A 55-year-old man presented with three episodes of transient loss of consciousness in last 1 month. He was a known hypertensive, on regular medication. He underwent a full neurological and cardiac workup, including electrocardiography, echocardiography and neck vessels Doppler. His serum lipid profile was within normal limit. Workup with contrast-enhanced CT and CT angiography showed dilated and tortuous distal left vertebral and proximal and mid basilar artery in prepontine and premedullary cisterns (figure 1). The dilated tortuous artery was indenting over anterior surface of left half of pons. V4 segment of right vertebral artery was elongated and crossing the midline to join opposite vertebral artery. Based on these radiological findings, diagnosis of vertebrobasilar dolichoectasia (VBD) was made.

Figure 1

(A) CT angiography image in axial plane at the level of pons shows dilated basilar artery (arrow) in prepontine cistern, indenting over anterior surface of pons on left side. Maximum intensity projection thick slice images in axial (B), sagittal (C) and coronal (D) planes showing dilated tortuous V4 segment of left vertebral artery and proximal and mid basilar artery with high basilar bifurcation at the level of suprasellar cistern. Right vertebral artery is elongated and crossing the midline to join opposite vertebral artery. (E) volume rendered images (seen from above) of CT angiography showing vertebra-basilar dolichoectasia.

Dolichoectasia (dolichos=long; ectasia=distended) is an uncommon progressive arteriopathy primarily affecting intracranial posterior circulation. VBD is characterised by dilated elongated and tortuous vertebrobasilar arteries.1–3 Exact aetiology is unknown, however, it is seen in association with several other diseases like atherosclerosis, hypertension, collagen vascular disease, polycystic kidney disease and sickle cell anaemia.1 2 An imbalance between matrix metalloproteinases and antiprotease activity within the connective tissue of arterial wall leading to aberrant vascular remodelling and defective connective tissue formation within the wall of arteries is thought to be causative mechanism in development of this disease.1 VBD is diagnosed incidentally in most of the cases. Symptomatic patients may present either with vascular symptoms like episodes of transient ischaemic attacks, ischaemic strokes, subarachnoid haemorrhages or with compressive symptoms related to brainstem or cranial nerve compression. Sometimes the patient may present with even hydrocephalous.1 2 Traditionally conventional angiography is considered gold standard, however, diagnosis can be made confidently on CT angiography or magnetic resonance angiography.
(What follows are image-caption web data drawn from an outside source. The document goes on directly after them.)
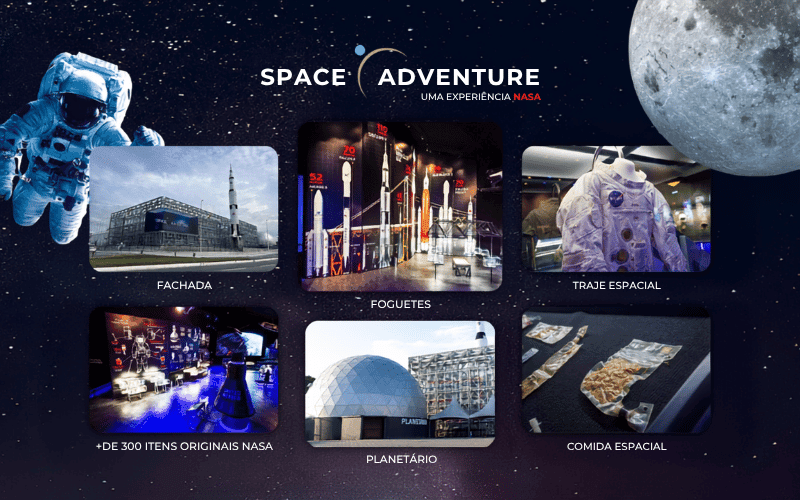 Space Adventure BC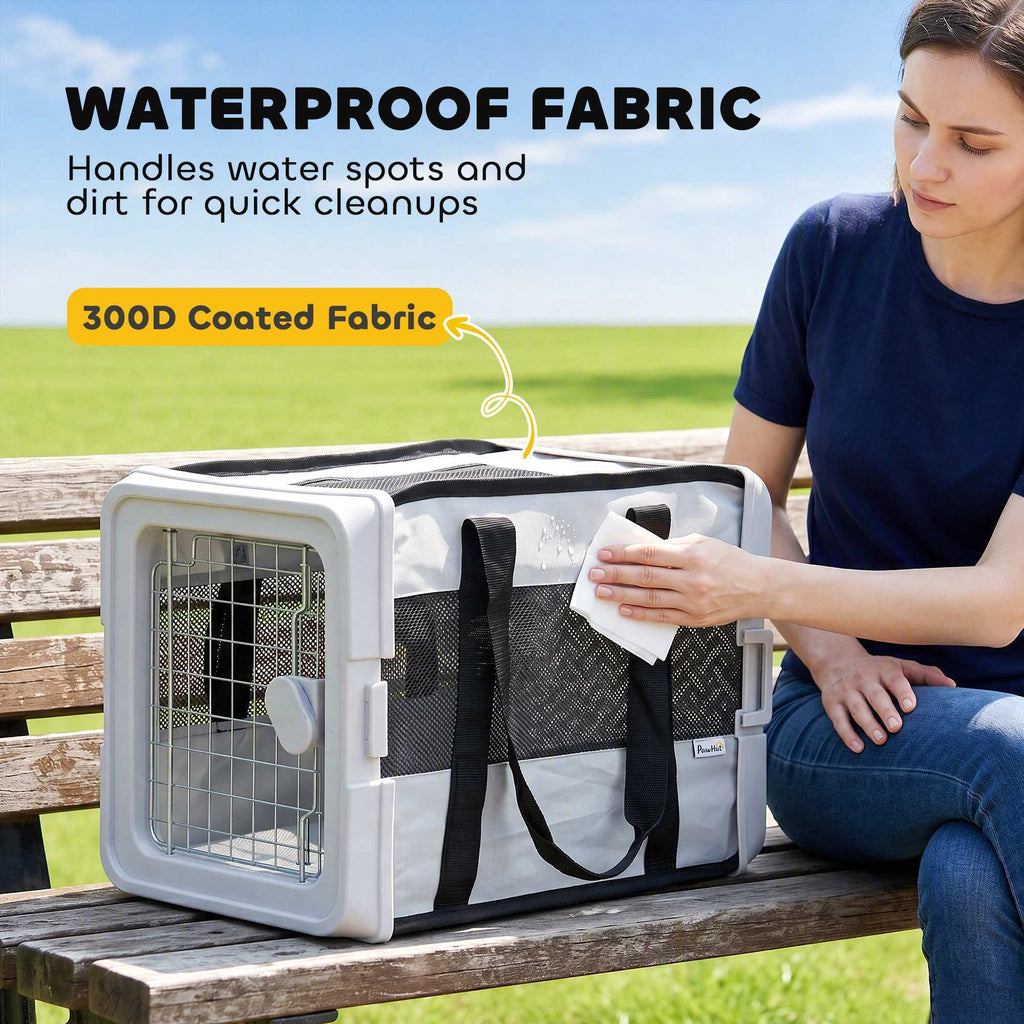 Sac de Transport pour Chat et Chien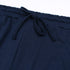ZR Navy Cotton Pique Trouser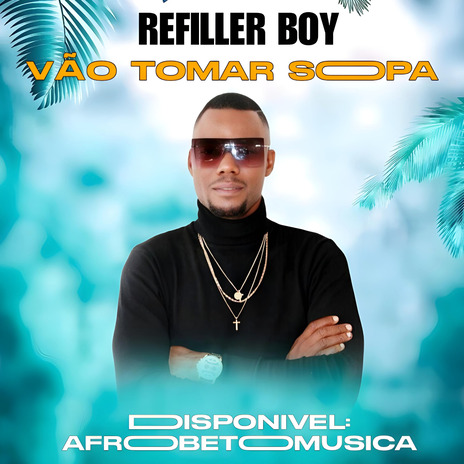 Vão Tomar Sopa | Boomplay Music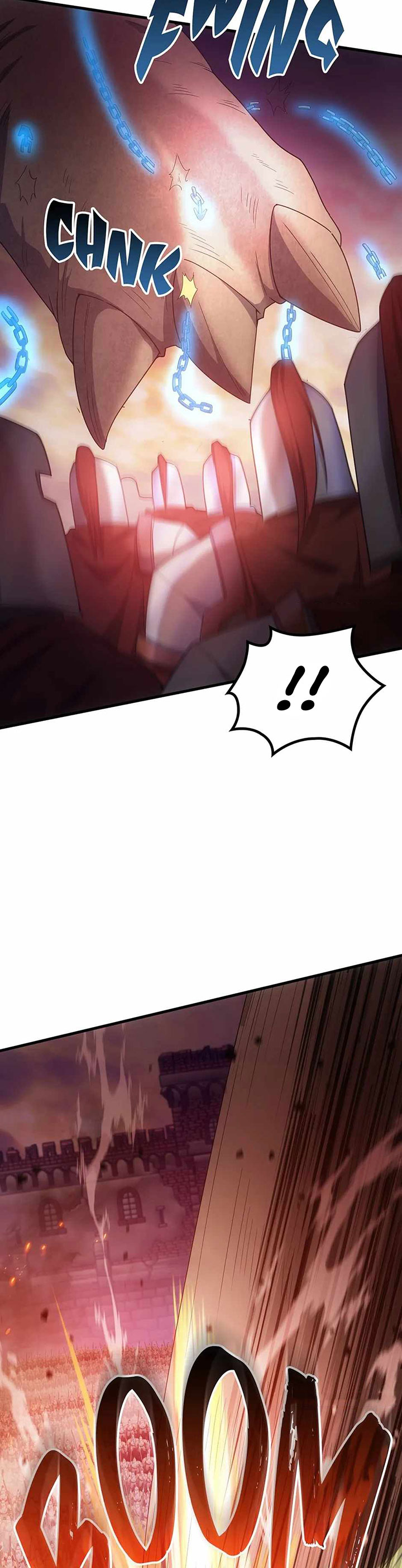 My Civil Servant Life Reborn in the Strange World Chapter 79 Bahasa Indonesia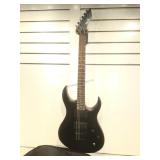 Electric Guitar GWL (George Washburn Limited)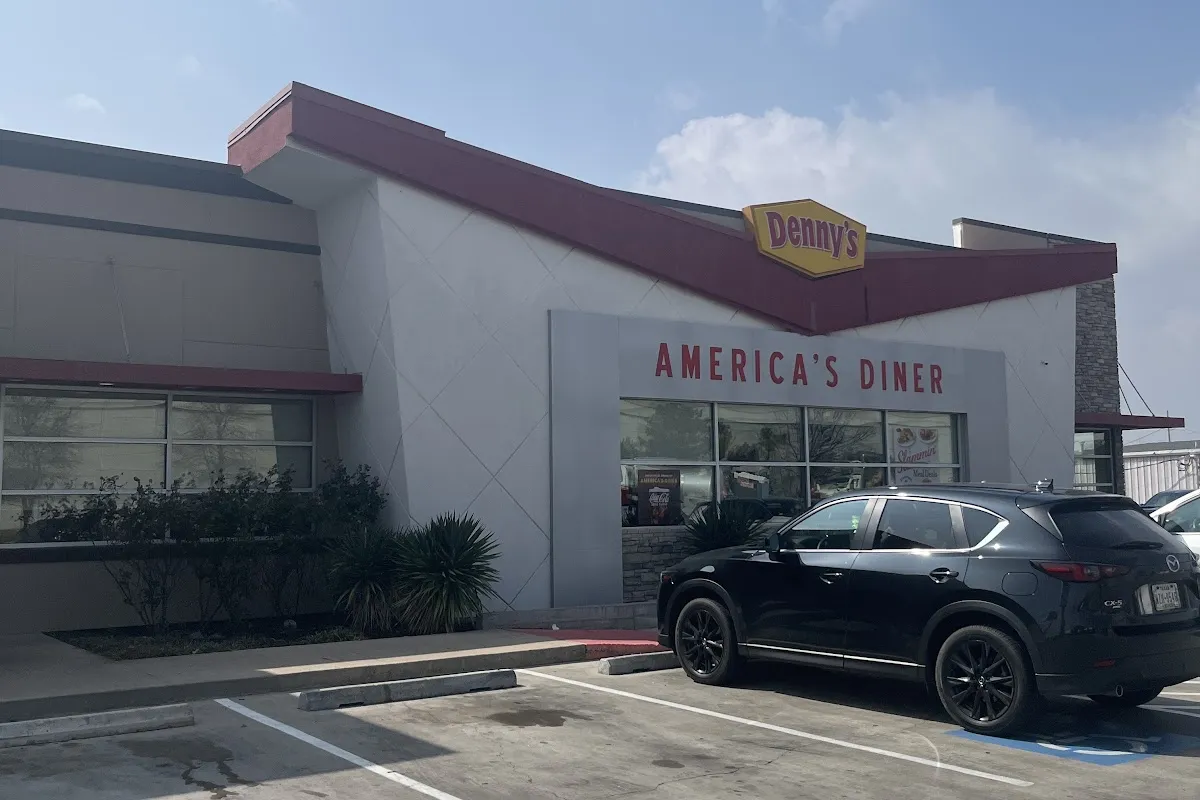Denny's Restaurant photo 1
Other associated features like aneurysm formation, presence of intraluminal thrombus or calcification, brain parenchymal changes and relation of dolichoectatic artery with brainstem and cranial nerves can be well assessed on CT and MR images. Basilar artery is considered ectatic when it measures >4.5 mm at mid pons level.1–3 In cases of VBD, elongation of the artery is quantified based on the level of basilar bifurcation. Normally the basilar bifurcation is below the level of dorsum sellae while in VBD it may be in suprasellar cistern or even at the level of floor of third ventricle.1 The differential diagnosis includes fusiform aneurysm, where the dilatation is focal and circumferential. Whereas in dolichoectasia, the involved arteries are elongated and tortuous with a uniformly enlarged circumference.
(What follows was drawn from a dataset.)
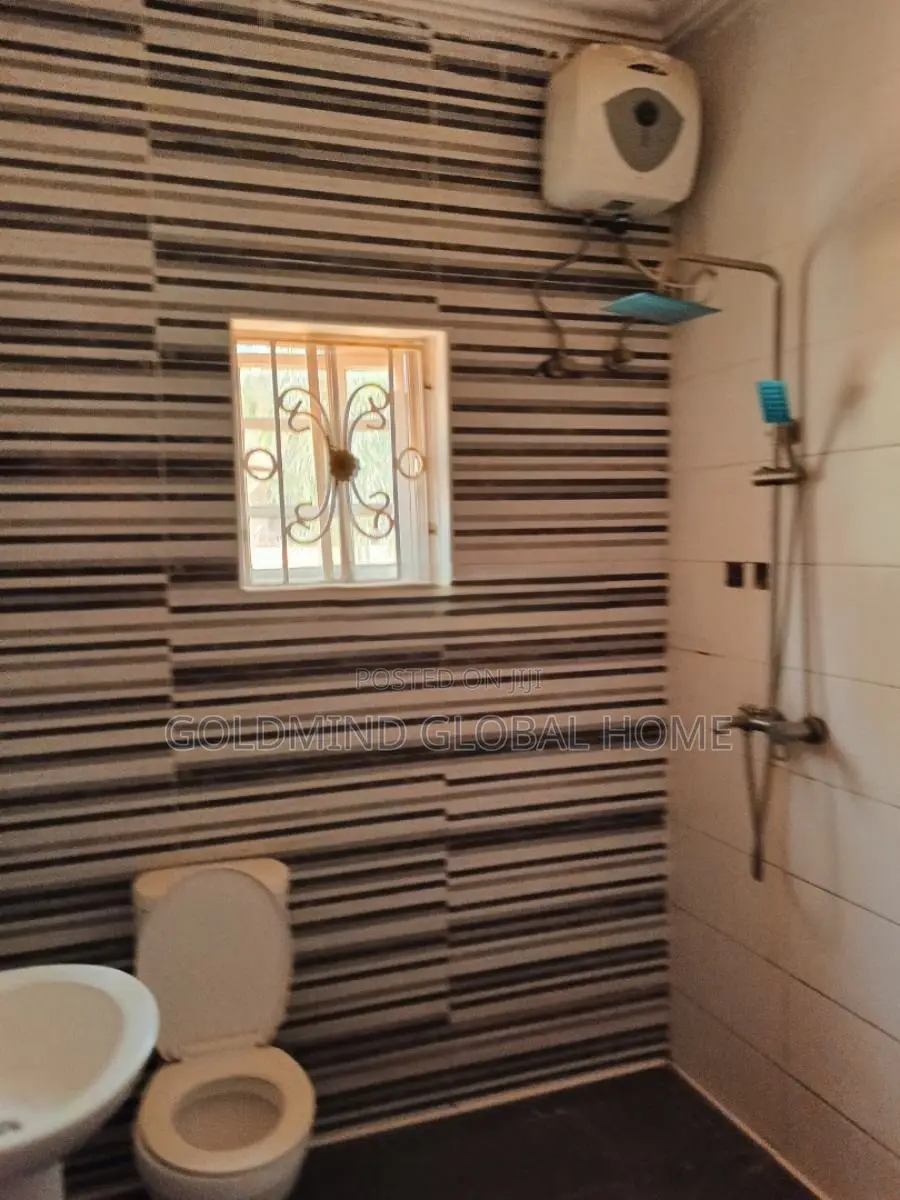 3bdrm Bungalow in Lugbe District. for sale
At present, there is no universally accepted effective treatment for VBD.1 High risk of morbidity and mortality is associated with surgical interventions as vertebrobasilar artery supplies critical posterior fossa structures besides giving perforators to brainstem. Endovascular flow diverter/stent placement with or without coiling have been attempted with some success compared with surgery.1 Medical management for ischaemic symptoms includes anticoagulation and antiplatelet therapy. For neurovascular compressive symptoms, surgical microvascular decompression performed by interposing synthetic implant between the ectatic artery and the compressed nerve is found safe and effective.

Learning points

  • Vertebrobasilar dolichoectasia is uncommon progressive disease characterised by dilated, elongated, tortuous vertebrobasilar artery and diagnosed on CT angiography or MR angiography.

  • Patients may present with symptoms related to vascular events or compression of brainstem/cranial nerves by ectatic tortuous vessel. They should undergo complete neurological and cardiac evaluation and other causes should be ruled out before attributing the symptoms to this entity. The workup studies should also include long-time Holter electrocardiography and electroencephalogram in cases where the patient’s symptoms are recurrent and not resolved.

  • At present, there is no universally accepted effective treatment and surgery is associated with high morbidity and mortality. Endovascular flow diverter/stent placement with or without coiling may be effective in selected patients.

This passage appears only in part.